ACTIVITY –
Only the lines from the one containing "2020 FORD EcoSport" through the one containing "Hudson, FL 34667" should be printed, exactly as they appear below, with both ends included.
---+---
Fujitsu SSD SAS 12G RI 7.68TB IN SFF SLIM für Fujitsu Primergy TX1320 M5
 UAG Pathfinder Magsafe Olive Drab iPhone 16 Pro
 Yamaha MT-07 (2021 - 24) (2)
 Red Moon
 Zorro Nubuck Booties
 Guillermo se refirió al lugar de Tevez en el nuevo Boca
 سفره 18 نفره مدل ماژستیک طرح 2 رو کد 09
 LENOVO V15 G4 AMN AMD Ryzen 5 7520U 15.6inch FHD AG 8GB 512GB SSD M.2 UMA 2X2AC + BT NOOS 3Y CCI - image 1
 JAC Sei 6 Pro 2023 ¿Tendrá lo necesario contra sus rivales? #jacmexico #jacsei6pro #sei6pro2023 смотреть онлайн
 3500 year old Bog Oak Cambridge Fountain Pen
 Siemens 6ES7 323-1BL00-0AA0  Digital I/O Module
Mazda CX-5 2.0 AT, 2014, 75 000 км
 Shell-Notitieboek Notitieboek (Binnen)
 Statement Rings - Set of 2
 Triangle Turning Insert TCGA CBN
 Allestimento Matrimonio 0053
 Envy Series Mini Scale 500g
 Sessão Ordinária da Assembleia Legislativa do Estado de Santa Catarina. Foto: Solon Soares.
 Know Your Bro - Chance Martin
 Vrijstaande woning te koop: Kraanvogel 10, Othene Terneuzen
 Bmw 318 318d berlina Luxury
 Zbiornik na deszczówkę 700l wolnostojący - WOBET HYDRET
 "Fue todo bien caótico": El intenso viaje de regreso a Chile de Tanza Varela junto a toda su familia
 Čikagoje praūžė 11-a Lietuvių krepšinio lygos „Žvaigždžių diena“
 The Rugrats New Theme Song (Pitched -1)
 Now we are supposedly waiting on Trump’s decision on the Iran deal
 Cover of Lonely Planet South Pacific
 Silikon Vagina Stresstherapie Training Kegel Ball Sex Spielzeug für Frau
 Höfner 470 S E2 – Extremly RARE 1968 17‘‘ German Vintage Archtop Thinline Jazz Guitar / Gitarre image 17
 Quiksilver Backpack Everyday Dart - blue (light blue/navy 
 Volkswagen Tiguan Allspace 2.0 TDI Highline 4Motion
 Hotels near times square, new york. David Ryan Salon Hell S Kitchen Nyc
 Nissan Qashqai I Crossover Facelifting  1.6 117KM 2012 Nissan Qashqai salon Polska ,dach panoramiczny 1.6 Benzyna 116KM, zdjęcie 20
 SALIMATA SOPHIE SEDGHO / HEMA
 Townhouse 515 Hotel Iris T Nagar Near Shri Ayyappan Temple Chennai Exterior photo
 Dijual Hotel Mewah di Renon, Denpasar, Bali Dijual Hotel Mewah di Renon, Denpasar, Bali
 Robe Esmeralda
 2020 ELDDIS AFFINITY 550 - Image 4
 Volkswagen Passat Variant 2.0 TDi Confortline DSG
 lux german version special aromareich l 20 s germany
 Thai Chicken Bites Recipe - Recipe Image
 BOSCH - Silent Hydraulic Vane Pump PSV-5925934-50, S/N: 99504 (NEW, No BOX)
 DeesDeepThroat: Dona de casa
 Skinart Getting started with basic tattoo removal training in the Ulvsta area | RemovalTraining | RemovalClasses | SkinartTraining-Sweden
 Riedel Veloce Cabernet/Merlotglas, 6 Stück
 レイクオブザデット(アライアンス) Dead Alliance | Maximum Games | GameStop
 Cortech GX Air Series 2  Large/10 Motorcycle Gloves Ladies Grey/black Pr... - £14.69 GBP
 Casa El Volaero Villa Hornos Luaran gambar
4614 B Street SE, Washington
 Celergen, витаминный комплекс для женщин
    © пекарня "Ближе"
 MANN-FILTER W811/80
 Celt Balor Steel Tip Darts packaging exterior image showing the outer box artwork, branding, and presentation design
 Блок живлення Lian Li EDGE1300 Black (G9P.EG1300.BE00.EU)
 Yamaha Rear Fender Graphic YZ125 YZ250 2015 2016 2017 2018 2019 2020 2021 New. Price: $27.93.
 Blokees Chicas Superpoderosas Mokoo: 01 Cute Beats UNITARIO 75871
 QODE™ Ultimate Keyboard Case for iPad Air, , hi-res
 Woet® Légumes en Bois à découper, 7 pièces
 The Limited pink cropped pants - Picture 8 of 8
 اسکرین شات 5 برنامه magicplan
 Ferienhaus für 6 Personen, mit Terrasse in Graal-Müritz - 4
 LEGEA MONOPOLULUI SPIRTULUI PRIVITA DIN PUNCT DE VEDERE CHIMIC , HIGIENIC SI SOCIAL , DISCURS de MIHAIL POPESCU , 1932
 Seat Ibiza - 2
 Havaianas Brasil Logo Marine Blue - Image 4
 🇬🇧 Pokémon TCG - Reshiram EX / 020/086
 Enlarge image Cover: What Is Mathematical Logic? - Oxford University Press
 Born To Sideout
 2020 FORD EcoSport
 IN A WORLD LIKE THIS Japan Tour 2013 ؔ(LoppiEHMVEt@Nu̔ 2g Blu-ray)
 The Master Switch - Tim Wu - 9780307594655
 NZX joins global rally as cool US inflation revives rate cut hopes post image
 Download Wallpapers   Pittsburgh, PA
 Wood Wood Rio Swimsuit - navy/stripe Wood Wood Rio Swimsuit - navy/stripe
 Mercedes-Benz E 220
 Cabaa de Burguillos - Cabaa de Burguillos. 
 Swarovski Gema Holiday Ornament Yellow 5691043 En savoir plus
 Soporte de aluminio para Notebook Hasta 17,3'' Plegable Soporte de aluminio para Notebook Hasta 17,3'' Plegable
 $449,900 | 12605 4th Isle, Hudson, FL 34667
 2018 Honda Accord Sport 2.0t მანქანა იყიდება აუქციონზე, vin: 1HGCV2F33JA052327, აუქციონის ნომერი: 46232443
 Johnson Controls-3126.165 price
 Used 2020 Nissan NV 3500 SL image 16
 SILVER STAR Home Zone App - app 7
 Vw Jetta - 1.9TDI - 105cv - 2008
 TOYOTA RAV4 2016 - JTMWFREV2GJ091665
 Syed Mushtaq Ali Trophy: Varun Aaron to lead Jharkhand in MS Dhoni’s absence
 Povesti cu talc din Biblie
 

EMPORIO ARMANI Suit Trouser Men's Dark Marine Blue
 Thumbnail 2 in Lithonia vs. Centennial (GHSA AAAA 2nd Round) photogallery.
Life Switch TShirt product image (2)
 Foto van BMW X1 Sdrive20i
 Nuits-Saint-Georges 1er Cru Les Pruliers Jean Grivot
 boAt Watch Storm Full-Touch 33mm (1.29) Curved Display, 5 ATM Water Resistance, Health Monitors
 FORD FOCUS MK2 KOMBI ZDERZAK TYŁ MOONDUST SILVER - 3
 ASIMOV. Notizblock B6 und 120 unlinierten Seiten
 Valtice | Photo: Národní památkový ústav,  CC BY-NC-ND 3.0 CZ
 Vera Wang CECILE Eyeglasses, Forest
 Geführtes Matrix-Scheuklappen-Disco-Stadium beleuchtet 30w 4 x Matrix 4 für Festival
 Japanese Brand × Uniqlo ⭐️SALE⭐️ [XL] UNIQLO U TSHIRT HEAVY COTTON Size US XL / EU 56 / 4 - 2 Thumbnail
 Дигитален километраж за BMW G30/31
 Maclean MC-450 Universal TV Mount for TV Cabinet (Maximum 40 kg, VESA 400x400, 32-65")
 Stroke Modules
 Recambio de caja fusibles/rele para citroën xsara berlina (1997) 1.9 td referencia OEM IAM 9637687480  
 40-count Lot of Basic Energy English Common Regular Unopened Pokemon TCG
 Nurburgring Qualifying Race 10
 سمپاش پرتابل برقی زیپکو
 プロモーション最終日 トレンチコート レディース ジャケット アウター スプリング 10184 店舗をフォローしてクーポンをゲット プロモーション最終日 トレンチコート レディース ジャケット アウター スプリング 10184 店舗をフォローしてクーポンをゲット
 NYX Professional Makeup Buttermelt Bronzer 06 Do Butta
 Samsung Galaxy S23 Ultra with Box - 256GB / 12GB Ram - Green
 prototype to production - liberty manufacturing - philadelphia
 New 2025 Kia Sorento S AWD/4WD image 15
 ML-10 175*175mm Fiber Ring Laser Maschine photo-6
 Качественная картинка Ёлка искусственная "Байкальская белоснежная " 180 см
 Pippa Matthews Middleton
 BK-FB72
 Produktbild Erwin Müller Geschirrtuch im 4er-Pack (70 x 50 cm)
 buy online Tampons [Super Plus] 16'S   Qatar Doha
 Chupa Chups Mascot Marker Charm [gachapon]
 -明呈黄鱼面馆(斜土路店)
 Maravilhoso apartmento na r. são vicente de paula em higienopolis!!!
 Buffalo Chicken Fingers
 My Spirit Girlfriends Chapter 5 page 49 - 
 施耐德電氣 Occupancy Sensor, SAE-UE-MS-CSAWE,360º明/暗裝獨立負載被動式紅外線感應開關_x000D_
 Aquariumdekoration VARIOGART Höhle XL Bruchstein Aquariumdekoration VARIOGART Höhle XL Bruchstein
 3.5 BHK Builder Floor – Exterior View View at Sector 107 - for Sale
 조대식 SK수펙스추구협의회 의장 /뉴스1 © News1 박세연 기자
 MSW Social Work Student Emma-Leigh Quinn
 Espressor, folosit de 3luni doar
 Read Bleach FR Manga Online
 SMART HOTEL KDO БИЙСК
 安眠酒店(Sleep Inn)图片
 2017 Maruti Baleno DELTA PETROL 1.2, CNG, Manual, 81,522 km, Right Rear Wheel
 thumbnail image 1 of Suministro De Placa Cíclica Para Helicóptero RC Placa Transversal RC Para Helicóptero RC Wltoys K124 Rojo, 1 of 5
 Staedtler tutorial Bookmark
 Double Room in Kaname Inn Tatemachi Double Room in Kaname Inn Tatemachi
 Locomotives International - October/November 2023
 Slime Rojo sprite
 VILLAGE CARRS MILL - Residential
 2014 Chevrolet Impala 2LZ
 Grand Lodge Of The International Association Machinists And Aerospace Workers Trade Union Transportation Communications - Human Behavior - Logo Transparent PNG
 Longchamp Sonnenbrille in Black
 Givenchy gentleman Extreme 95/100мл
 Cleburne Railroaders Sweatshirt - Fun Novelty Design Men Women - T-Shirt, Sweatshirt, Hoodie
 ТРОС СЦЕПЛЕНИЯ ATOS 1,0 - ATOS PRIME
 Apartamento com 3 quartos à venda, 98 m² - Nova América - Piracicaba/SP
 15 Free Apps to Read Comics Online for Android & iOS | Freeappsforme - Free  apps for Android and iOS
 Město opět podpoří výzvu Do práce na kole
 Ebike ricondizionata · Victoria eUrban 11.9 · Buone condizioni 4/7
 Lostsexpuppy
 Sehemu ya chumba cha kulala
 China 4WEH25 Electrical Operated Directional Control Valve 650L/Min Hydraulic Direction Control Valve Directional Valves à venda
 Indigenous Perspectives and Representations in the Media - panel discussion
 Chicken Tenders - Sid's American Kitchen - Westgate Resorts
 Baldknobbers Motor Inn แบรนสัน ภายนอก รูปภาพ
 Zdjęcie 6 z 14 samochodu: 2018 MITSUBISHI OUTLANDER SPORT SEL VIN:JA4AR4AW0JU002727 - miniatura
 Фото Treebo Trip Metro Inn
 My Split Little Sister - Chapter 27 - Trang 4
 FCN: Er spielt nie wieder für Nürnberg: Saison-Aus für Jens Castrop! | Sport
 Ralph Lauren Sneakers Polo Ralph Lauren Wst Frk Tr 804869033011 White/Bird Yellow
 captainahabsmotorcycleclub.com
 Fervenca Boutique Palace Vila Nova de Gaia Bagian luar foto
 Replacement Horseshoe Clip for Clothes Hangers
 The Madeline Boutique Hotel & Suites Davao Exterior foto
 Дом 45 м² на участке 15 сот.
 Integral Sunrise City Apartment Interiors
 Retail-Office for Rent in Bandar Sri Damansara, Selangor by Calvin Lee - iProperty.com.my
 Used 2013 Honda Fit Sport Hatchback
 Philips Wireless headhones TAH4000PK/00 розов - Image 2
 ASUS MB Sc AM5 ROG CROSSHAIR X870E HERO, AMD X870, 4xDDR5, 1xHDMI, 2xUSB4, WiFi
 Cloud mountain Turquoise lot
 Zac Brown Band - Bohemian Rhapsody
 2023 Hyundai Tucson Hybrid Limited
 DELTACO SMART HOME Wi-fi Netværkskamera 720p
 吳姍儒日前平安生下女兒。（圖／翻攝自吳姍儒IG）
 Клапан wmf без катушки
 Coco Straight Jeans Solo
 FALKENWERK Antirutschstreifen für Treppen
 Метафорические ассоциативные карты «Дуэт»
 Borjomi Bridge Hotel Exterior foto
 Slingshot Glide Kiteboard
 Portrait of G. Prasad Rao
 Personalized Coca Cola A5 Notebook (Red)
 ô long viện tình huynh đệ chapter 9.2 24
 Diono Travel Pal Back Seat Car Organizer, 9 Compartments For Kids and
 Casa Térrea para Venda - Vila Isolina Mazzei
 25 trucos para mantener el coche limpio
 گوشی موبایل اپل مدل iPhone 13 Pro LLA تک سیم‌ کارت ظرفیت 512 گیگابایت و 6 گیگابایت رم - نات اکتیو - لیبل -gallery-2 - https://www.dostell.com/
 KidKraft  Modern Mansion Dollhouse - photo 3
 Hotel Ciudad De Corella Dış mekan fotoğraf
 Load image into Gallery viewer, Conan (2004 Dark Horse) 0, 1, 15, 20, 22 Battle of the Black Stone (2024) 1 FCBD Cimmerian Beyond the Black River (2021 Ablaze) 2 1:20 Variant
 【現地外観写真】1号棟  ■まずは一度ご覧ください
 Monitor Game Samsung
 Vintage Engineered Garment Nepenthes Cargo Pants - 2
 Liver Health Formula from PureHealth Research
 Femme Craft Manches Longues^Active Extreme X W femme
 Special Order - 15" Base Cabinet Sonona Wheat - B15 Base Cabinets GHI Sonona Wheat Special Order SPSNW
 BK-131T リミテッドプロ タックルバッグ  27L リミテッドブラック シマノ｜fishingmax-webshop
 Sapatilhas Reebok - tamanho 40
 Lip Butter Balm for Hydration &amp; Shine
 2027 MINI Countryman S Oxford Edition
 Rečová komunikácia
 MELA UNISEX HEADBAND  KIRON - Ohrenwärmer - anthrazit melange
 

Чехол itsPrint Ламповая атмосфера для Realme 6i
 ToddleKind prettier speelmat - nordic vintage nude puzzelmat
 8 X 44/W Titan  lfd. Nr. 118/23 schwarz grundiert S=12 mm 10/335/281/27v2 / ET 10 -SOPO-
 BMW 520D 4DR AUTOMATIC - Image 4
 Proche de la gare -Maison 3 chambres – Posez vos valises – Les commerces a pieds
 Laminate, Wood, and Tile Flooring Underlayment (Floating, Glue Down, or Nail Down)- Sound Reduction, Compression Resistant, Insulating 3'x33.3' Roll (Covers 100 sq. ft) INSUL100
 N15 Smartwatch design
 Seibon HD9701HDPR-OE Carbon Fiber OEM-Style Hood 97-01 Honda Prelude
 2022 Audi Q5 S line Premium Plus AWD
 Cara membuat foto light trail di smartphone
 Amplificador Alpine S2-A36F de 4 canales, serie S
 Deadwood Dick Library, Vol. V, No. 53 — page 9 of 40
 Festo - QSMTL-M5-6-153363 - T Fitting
---+---
TASK RESULT –
 2020 FORD EcoSport
 IN A WORLD LIKE THIS Japan Tour 2013 ؔ(LoppiEHMVEt@Nu̔ 2g Blu-ray)
 The Master Switch - Tim Wu - 9780307594655
 NZX joins global rally as cool US inflation revives rate cut hopes post image
 Download Wallpapers   Pittsburgh, PA
 Wood Wood Rio Swimsuit - navy/stripe Wood Wood Rio Swimsuit - navy/stripe
 Mercedes-Benz E 220
 Cabaa de Burguillos - Cabaa de Burguillos. 
 Swarovski Gema Holiday Ornament Yellow 5691043 En savoir plus
 Soporte de aluminio para Notebook Hasta 17,3'' Plegable Soporte de aluminio para Notebook Hasta 17,3'' Plegable
 $449,900 | 12605 4th Isle, Hudson, FL 34667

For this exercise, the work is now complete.